The latest figures released by the Department for Education show that half of all state schools are now below the national average. Ministers have used such falling standards to push for a wider take up of education from the private sector.
"Throwing tax payer money into any failing business is a waste of scarce funds" claimed Education minister Michael Gove, "and as the data clearly shows, these schools are failing themselves, the community, and the Great British taxpayer too".
A departmental white paper has begun circulation suggesting tax breaks for businesses, charities and extreme fundamentalist religious groups who would be willing to take over many secondary schools, on a 'no questions asked' basis.
The paper details significant concessions which could be made to increase the attractiveness of private sector involvement; the business would be exempt from FOI, would class students grades and attendance as commercially sensitive and with no requirements to publish results and attendance, and also the syllabus would be open to the removal of many ‘legacy’ subjects such as English and Maths in exchange for studies such as hard labour, building smart phones, or telesales studies.

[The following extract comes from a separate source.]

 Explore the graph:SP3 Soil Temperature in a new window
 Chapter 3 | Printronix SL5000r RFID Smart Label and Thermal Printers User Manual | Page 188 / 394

Gove also pointed out that by removing the failing 50% of schools this would produce a new %50 of schools newly failing to meet the national average; “I cannot see our roll out of continuous improvements to education ever ending, until perhaps we are left with the one school”. Although Gove also said he would consider sub-dividing this school repeatedly until one student was left who “perhaps could be given a book token, some sort of scholarship to public school and small paper crown” although George Osbourne later pointed out that any book tokens would be “subject to Treasury sign off”.